Literatura com batata frita
Publicado 07/12/2011 às 16:30
Tudo mundo sabe: nos bairros mais periféricos de São Paulo, mais afastados do centro da cidade, quase não há alternativas de lazer e cultura. Os parques são poucos. Não existem museus, teatros, salas de cinema. “O único espaço público que o Estado deu pra gente foi o bar”, diz o poeta e escritor Sérgio Vaz. “Pra quem pensava que a gente ia se acabar bebendo cachaça, a gente transformou o bar em centro cultural. Então, fodeu: não tem mais como controlar a gente, porque o que não falta na periferia é bar.”
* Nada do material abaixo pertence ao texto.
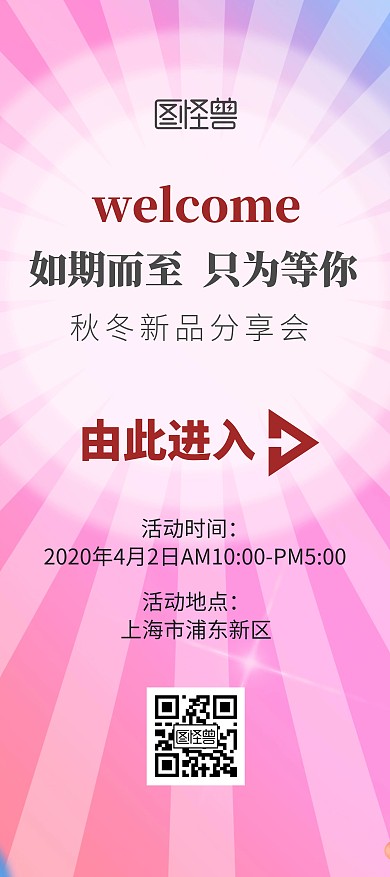 秋季新品分享会引导海报展架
São também tema do filme Curta Saraus, que oferece um panorama dos principais centros irradiadores da chamada “cultura de periferia” em São Paulo. “Antigamente a gente pensava assim: ah, o bairro não tem nada. Mas o que a gente pode fazer pra intervir no bairro? O sarau, hoje, é nossa alternativa”, diz o poeta Michel Yakini às câmeras do diretor David Alves da Silva, que contou com o apoio do Ministério da Cultura para rodar o vídeo de 15 minutos (acima).
Mas nem só de alternativas culturais para a população da periferia são feitos os saraus. “O Sarau é uma festa, um princípio de revolução, transformação”, atesta Binho, do Sarau do Binho. No filme, é possível perceber que, ao lado da expressão artística, os versos dos poetas ou as performances cênicas dos atores da periferia carregam uma imensa vontade de transformação social. “A gente está vivendo nossa Primavera de Praga, nossa Tropicália”, compara Sérgio Vaz.
E a riqueza do movimento há tempos foi percebida nas regiões centrais da cidade — e valorizada por setores da classe-média. Não que os saraus precisassem da aprovação intelectual de quem quer que seja para continuar existindo ou reafirmar sua importância cultural e social. Mas é um fato que chamaram a atenção. “A gente tá sendo estudado nas universidades”, lembra Férrez, escritor. “Em muito lugar que a gente nunca ia entrar como pessoa, a gente tá entrando como livro.”